• [What you have to do]:
Pull every line containing "Offset" from the data.

Crawled caption data:
※ ※ ※
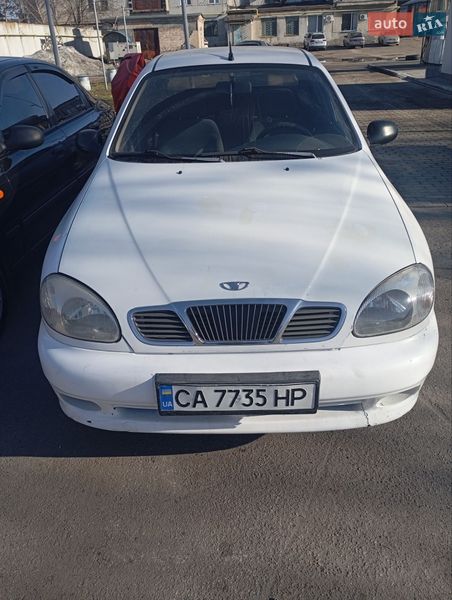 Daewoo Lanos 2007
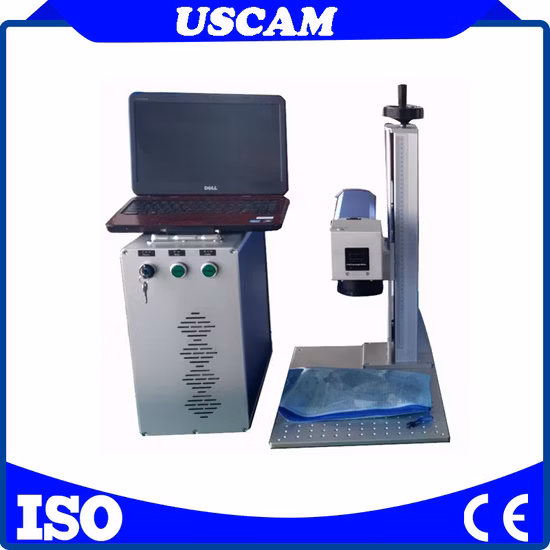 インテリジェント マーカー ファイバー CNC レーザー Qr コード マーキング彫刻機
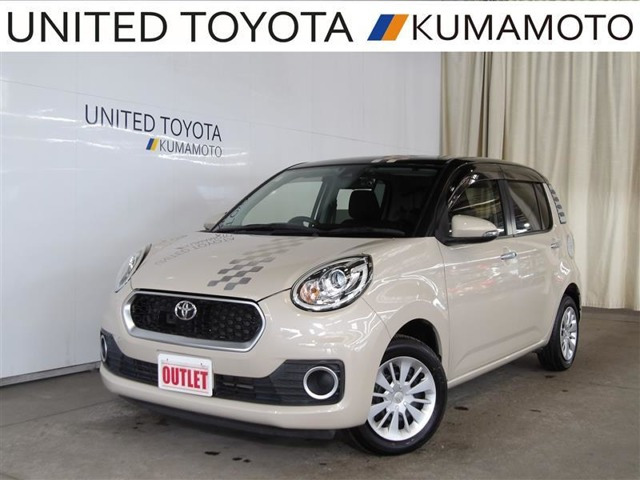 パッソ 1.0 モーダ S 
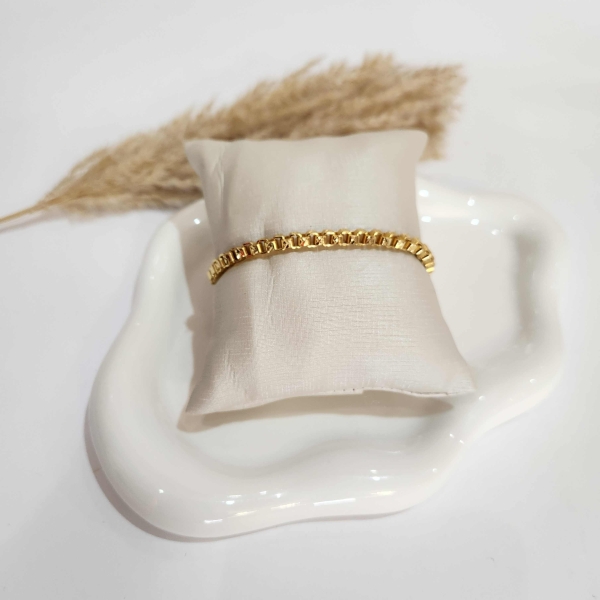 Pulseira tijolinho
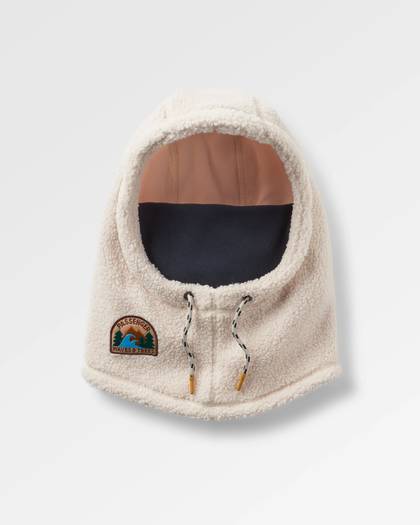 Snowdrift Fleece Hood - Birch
※ ※ ※
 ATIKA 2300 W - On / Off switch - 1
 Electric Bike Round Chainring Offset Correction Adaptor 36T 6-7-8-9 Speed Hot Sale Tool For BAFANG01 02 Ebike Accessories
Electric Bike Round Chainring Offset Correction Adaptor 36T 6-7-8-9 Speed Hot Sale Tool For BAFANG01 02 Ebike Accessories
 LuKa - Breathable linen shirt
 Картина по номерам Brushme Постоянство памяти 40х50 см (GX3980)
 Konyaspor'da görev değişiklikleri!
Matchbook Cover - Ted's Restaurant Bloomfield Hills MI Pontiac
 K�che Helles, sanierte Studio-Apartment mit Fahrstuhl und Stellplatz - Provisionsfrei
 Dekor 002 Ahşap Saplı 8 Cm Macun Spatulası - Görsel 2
※ ※ ※
• [Result for this exercise]:
 Electric Bike Round Chainring Offset Correction Adaptor 36T 6-7-8-9 Speed Hot Sale Tool For BAFANG01 02 Ebike Accessories
Electric Bike Round Chainring Offset Correction Adaptor 36T 6-7-8-9 Speed Hot Sale Tool For BAFANG01 02 Ebike Accessories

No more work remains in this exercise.